Quant aux sponsors privés, leur implication apporte les ressources financières, mais aussi l’expertise marketing, la visibilité et l’innovation. Il faut favoriser un dialogue ouvert entre ces acteurs pour bâtir ensemble un modèle durable, inclusif et adapté aux spécificités de chaque pays africain. L’État seul ne peut et ne doit porter seul les politiques sportives, artistiques et plus largement celles du loisir et du divertissement. Le secteur privé doit également s’impliquer pour participer au développement de ces pratiques et bénéficier en retour de ses bienfaits socioéconomique et médiatique. Le sport reste pour l’ensemble des acteurs, publiques privés, un formidable levier de développement à fort impact et valeur ajoutée.

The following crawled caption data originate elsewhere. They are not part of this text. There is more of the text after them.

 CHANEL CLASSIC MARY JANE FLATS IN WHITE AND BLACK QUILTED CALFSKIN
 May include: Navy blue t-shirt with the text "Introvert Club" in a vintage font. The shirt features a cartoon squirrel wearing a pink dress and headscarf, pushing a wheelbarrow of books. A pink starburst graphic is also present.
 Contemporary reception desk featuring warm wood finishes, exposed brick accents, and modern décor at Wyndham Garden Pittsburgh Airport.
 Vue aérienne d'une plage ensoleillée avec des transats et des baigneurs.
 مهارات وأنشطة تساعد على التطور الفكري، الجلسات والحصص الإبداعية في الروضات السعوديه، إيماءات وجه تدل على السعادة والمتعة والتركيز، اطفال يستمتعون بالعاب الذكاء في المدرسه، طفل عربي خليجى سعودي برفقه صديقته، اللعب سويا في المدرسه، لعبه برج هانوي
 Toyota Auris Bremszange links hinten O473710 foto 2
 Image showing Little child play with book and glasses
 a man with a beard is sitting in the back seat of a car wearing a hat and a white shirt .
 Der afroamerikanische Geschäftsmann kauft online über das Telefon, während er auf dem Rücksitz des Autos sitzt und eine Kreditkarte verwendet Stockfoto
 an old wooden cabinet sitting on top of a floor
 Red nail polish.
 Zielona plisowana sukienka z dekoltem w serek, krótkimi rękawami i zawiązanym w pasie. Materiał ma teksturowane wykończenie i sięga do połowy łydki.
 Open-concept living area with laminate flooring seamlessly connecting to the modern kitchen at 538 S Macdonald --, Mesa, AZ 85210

Quel message souhaitez-vous adresser à la jeunesse africaine qui rêve d’une carrière dans le sport – qu’elle soit sur le terrain, dans les médias, ou dans la gestion d’événements ?

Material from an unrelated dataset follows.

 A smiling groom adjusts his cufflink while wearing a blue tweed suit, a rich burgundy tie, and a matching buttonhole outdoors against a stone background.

À cette jeunesse africaine passionnée et ambitieuse, je veux dire que tout est possible. Le sport offre une multitude de carrières, bien au-delà du terrain. Il y a une vraie demande en Afrique pour des professionnels bien formés dans les domaines de la gestion, de la communication, du journalisme sportif, de la production et de la réalisation tv et digitale, de l’analyse de performance ou encore de l’événementiel. Pour les sportifs de haut niveau, et également les artistes d’ailleurs, il est essentiel de se former, de développer des compétences variées, un réseau et de s’investir pleinement dans sa pratique de prédilection, mais également de s’ouvrir aux autres pratiques qui gravitent autours du secteur sportif, artistique et du divertissement au sens large. Le sport est un secteur exigeant, mais profondément gratifiant surtout pour des passionnés comme nous. L’Afrique en mouvement, dynamique, fier, ambitieux, à fort potentiel artistique et sportive, performante, a besoin de sa jeunesse pour écrire les nouvelles pages de son histoire sportive, avec audace, créativité et rigueur. Il revient ainsi aux autorités publiques de porter l’impulsion de cette jeunesse et lui offrir les moyens de s’épanouir et il revient aux jeunes d’être ambitieux et rigoureux pour se révéler et offrir à leurs pays les retombées qu’ils méritent. La richesse d’un pays passe par sa pratique culturelle, sportive et ses loisirs et cela est valable pour nos pays du continent africain.

Un mot de fin, Thomas ?

J’espère à travers Arts & Sorts Events (ASE) pouvoir développer un Réseau d’expertise pluridisciplinaires et sectoriels et apporter mon humble contribution, à travers mon expérience, au développement du continent africain qui m’est cher.